Los niños éramos muchos. Fuimos los hijos de la gran
natalidad promovida por el régimen y la iglesia, con películas de Paco Martínez
Soria o Pepe Isbert (tenían su gracia,
hay que decirlo) aunque a los pueblos apenas llegaba la tele ni el incipiente y
gris aperturismo de los exiguos “planes de desarrollo”, con horteras de playa y
suecas en Benidorm. En medio de aquella vorágine muchachil, la diversión se
resolvía, con frecuencia, en una descarnada y frontal lucha de supervivencia.

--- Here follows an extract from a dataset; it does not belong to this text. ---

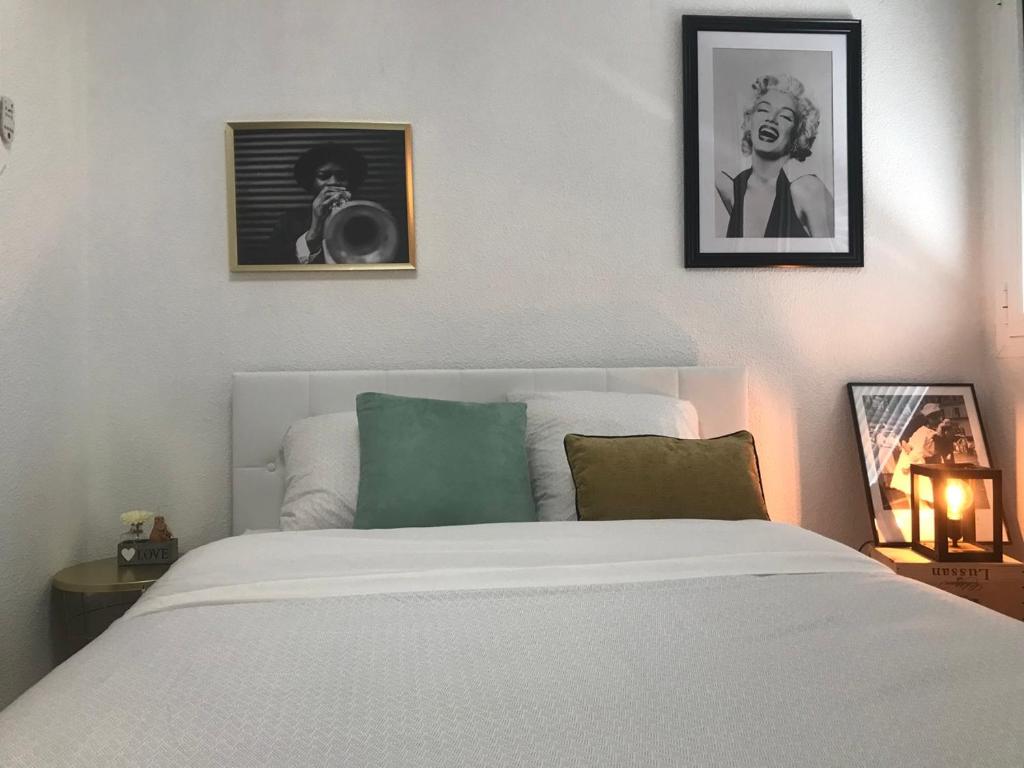 um quarto com uma cama e duas fotografias na parede em Brooklyn - Studio moderne à 2 pas du tram A em Grenoble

Los juegos eran bruscos: desde “Mosca parió mi burra”, donde muchachones
mayores saltaban sin compasión sobre la espalda de niños (niños-burra), con la
clara intención de derribar y hacer daño. “El marro”, donde una cadena humana
cerraba las calles al último náufrago con el único propósito de atraparlo y
lincharlo a golpes y patadas. “Reliqui reliqui, si te pica que te piqui”, en el
cuál la víctima que se la quedaba, era objeto de toda una secuencia de
espuelas, culadas o derribos: “¡¡ La primera sin topal, la segunda culá que
te junda, la tercera se da lo que se quiera, la cuarta culá que te parta, la
quinta reliqui reliqui si te pica que te piqui, la sehta puñuh en
cehta,!!” etc. Otra serie de juegos similares como “El corchu y la tapaera”
o “A contrabandu”, completaban la agresividad ancestral transmitida de
generación a generación.
Los roles estaban perfectamente
definidos. Mientras los niños se empleaban en rudezas varias, las niñas
saltaban a la comba o cantaban, muy femeninas, canciones de corte amoroso y
comprometedor: “¡¡Si piensa en fulanita, fulanita no lo quiere, y el pobre
fulanito de pena se muere!!” Y el citado fulanito, “roju comu un berruecu”, la
emprendía a patadas con las niñas cantoras en un sobrado alarde de supremacía
varonil.
Por contra estaba la alternativa
de algunos juegos digamos... unisex, claramente mal vistos por el ala dura de
los muchachones más representativos del grupo.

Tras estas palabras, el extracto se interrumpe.